**WORK TO COMPLETE:** An image-free reproduction of the data below is needed: print it exactly.

**DATA SHOWN:**
■ ■ ■ ■ ■ ■ ■

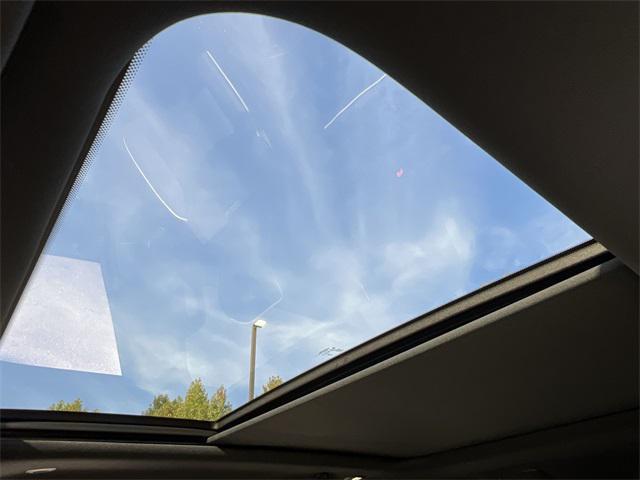 new 2026 Ram 1500 car, priced at $64,055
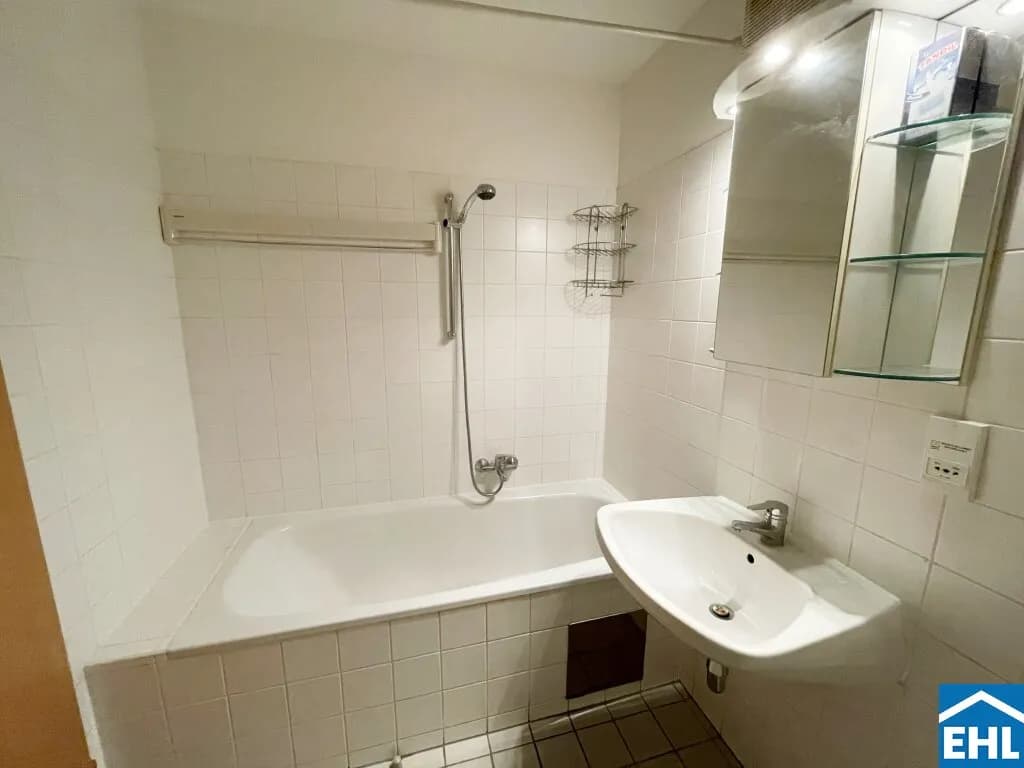 Immobilie kaufen in Wien – 41,54 m², € 228.000 – Bild 7 von 14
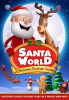 Santa_World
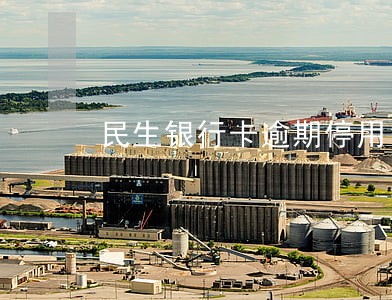 民生银行卡逾期停用 民生银行卡逾期停用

■ ■ ■ ■ ■ ■ ■

**EXERCISE RESPONSE:**
 new 2026 Ram 1500 car, priced at $64,055
 Immobilie kaufen in Wien – 41,54 m², € 228.000 – Bild 7 von 14
 Santa_World
 民生银行卡逾期停用 民生银行卡逾期停用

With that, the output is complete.